# [BRIEF]
Each entry is to be retyped exactly as it appears, and each image is to be dropped.

# [DATA FOR THIS TASK]
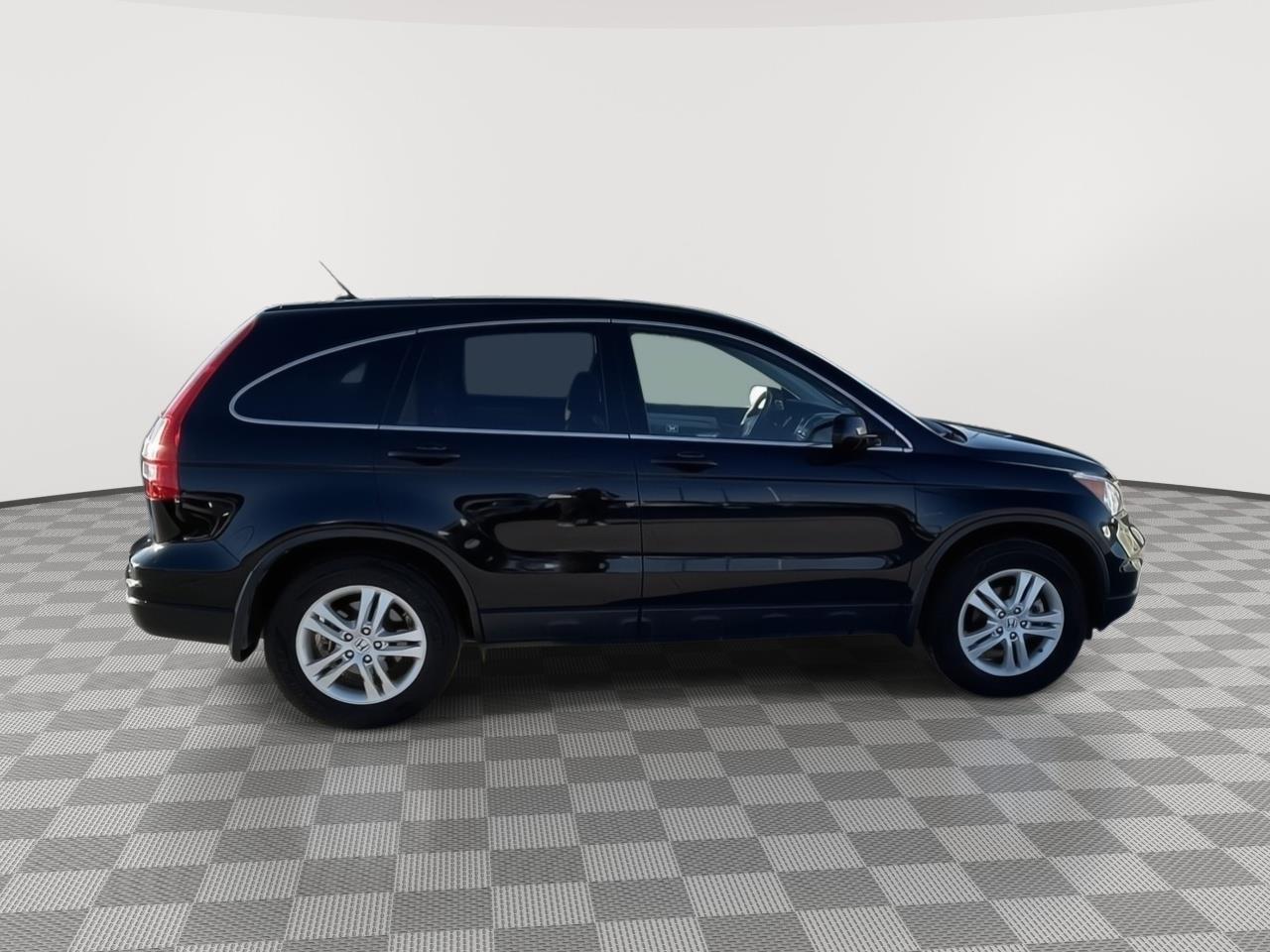 Vehicle photo 7
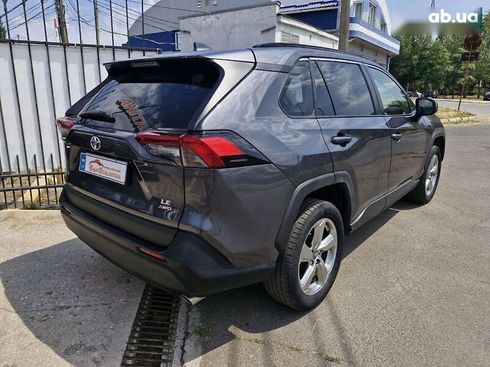 Toyota RAV4 2019 - фото 6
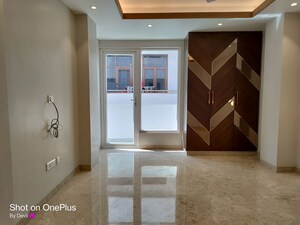 Staircase in 3 BHK Builder Floor at Sushant Lok I – for Rent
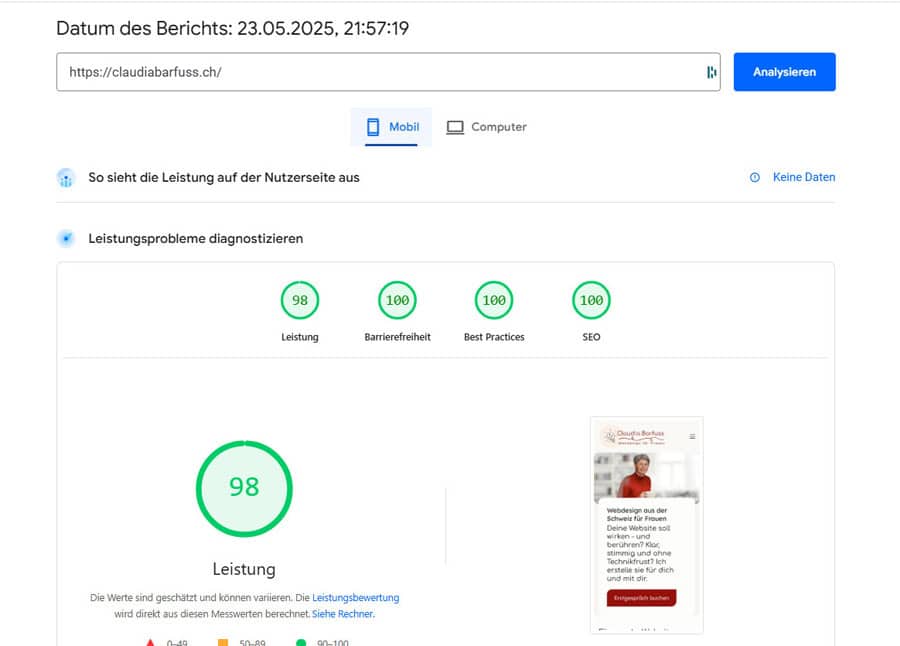 Screenshot eines Google PageSpeed Insights-Berichts für claudiabarfuss.ch vom 23. Mai 2025. Auf Mobilgeräten erreicht die Website 98 Punkte bei Leistung, 100 bei Barrierefreiheit, Best Practices und SEO.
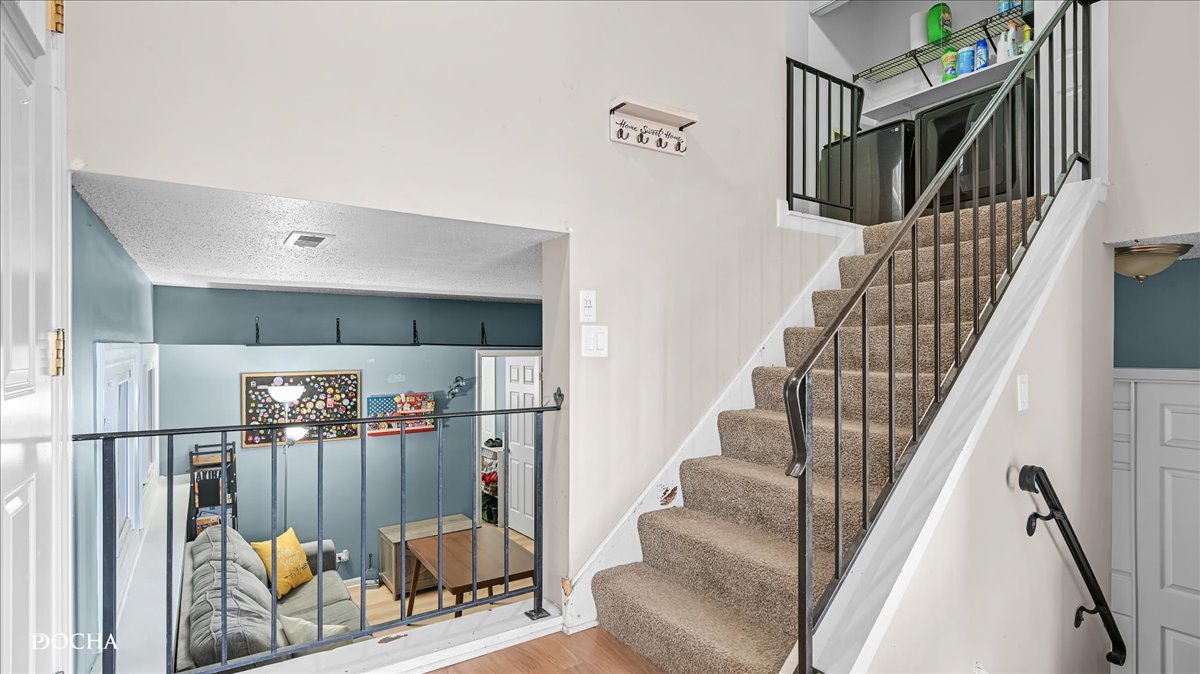 30w021 Danbury Drive Property Photo 10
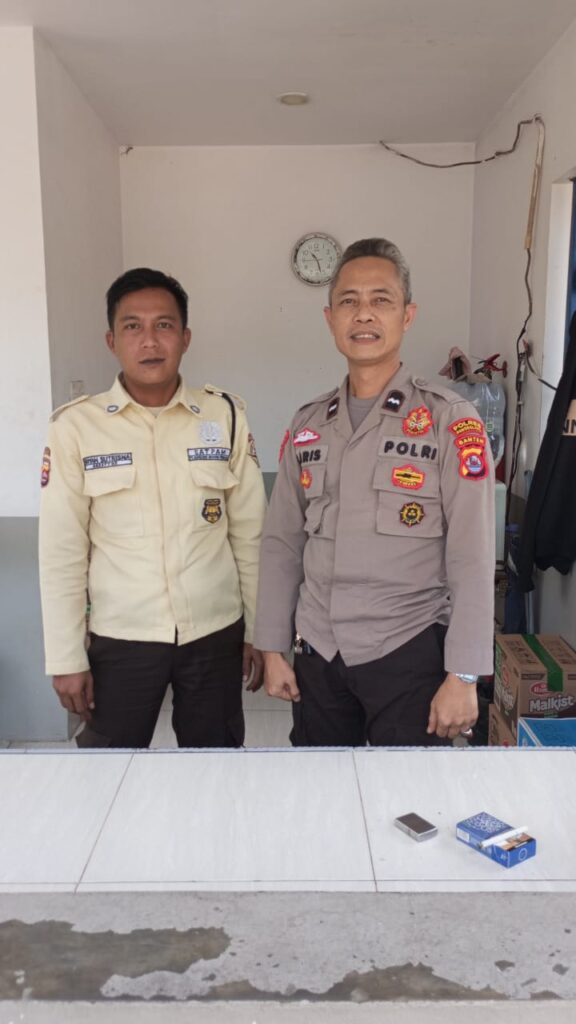 Bhabinkamtibmas Polsek Cadasari Aipda Ibnu Haris Kontrol Satpam PT CNS 10 WhatsApp Image 2024 06 23 at 12.08.04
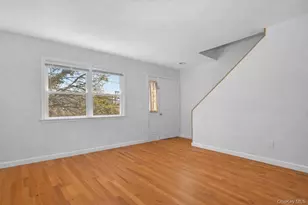 21 W Division St, Greenwich, CT 06830 - Photo 11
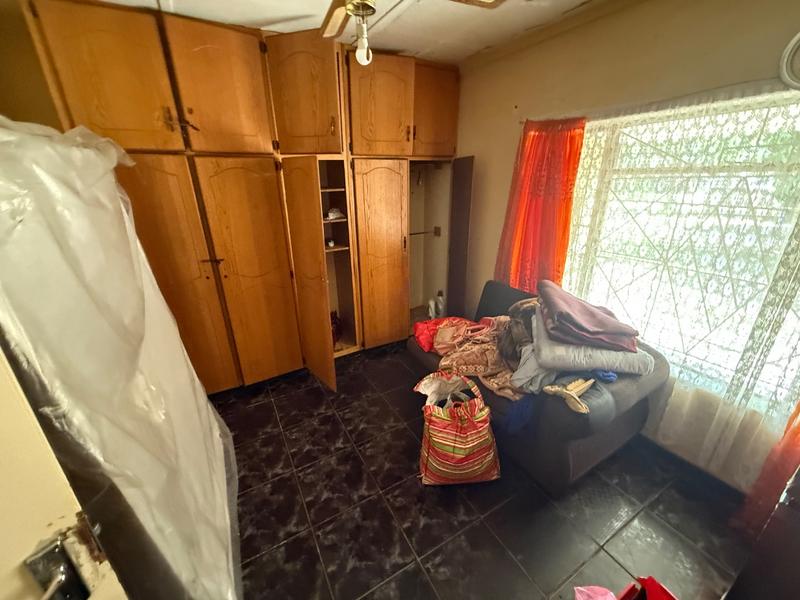 5 Bedroom Property for Sale in Vanderbijlpark CW 5 Gauteng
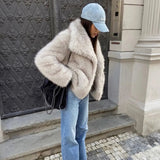 Macy | Luxurious Faux Fur Jacket – Stylish, Snuggly and Timeless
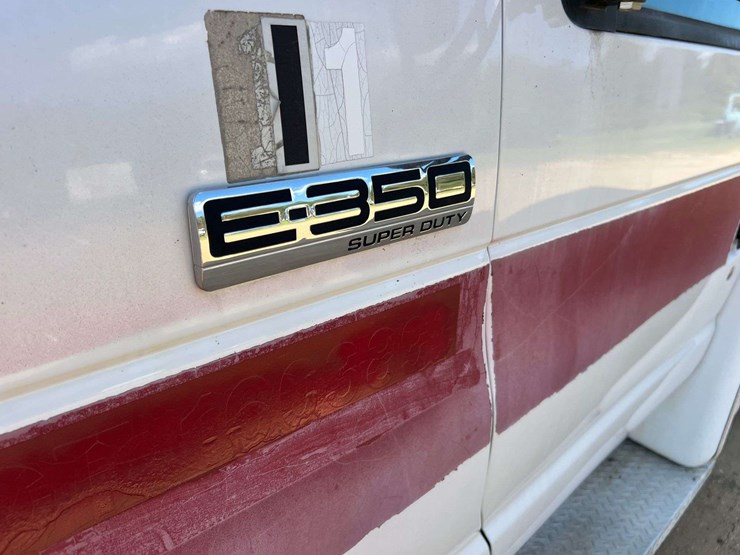 2006-ford-e350-image-61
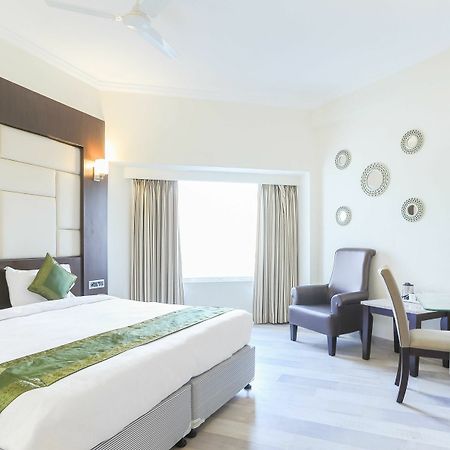 Hotel Treebo Trend Wood Bridge Hyderabad Esterno foto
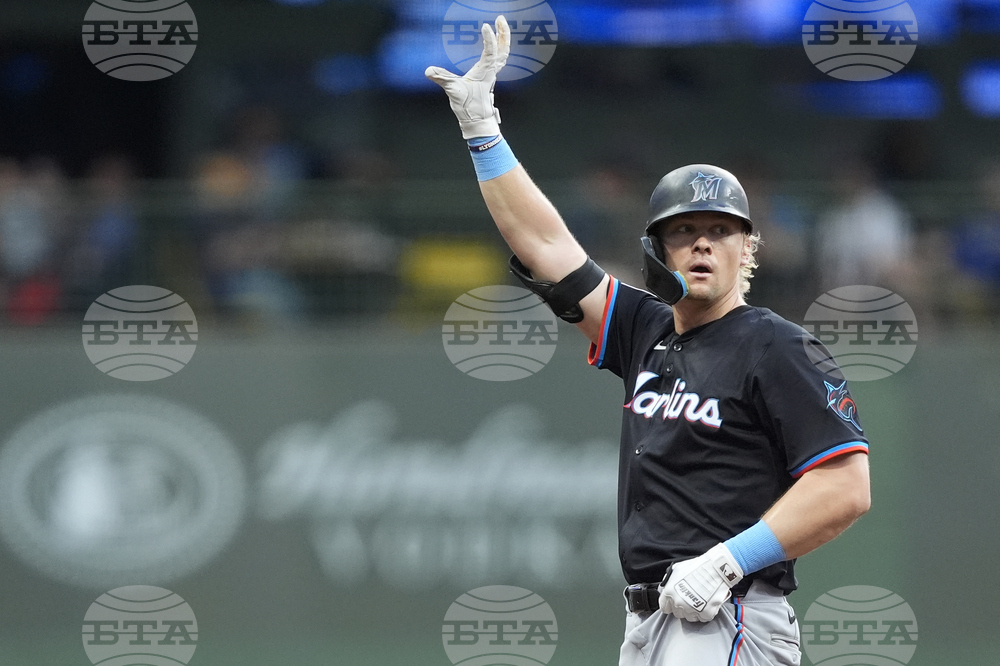 Marlins Brewers Baseball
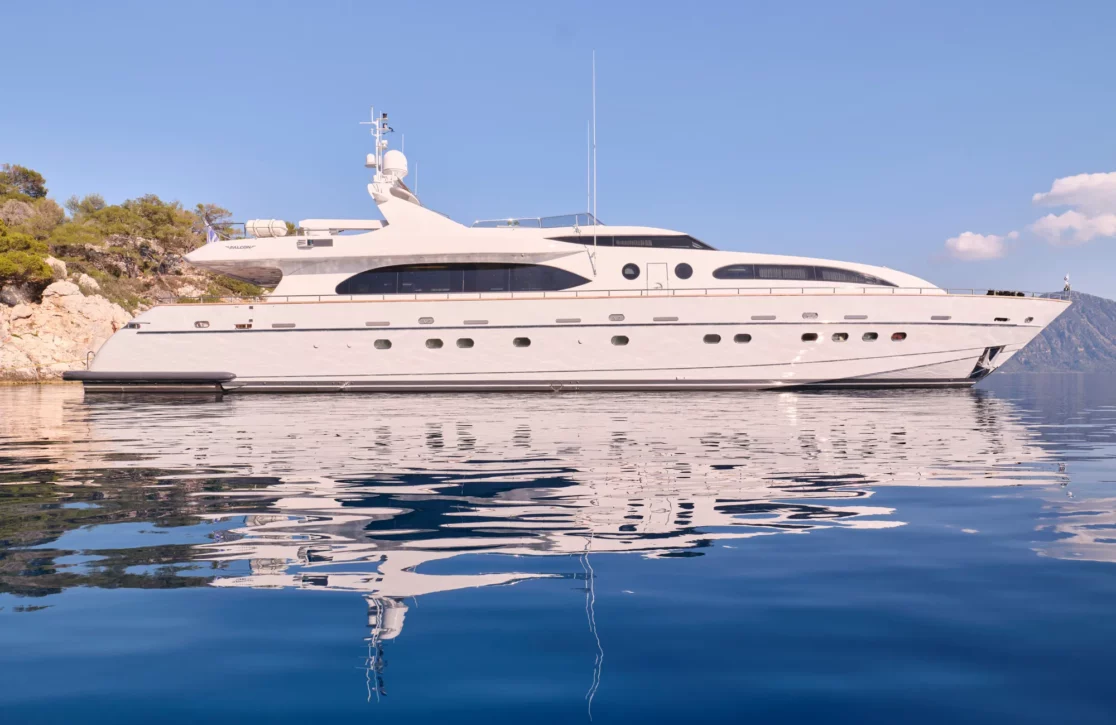 An image of Helios yacht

# [ANSWER]
 Vehicle photo 7
 Toyota RAV4 2019 - фото 6
 Staircase in 3 BHK Builder Floor at Sushant Lok I – for Rent
 Screenshot eines Google PageSpeed Insights-Berichts für claudiabarfuss.ch vom 23. Mai 2025. Auf Mobilgeräten erreicht die Website 98 Punkte bei Leistung, 100 bei Barrierefreiheit, Best Practices und SEO.
 30w021 Danbury Drive Property Photo 10
 Bhabinkamtibmas Polsek Cadasari Aipda Ibnu Haris Kontrol Satpam PT CNS 10 WhatsApp Image 2024 06 23 at 12.08.04
 21 W Division St, Greenwich, CT 06830 - Photo 11
 5 Bedroom Property for Sale in Vanderbijlpark CW 5 Gauteng
 Macy | Luxurious Faux Fur Jacket – Stylish, Snuggly and Timeless
 2006-ford-e350-image-61
 Hotel Treebo Trend Wood Bridge Hyderabad Esterno foto
 Marlins Brewers Baseball
 An image of Helios yacht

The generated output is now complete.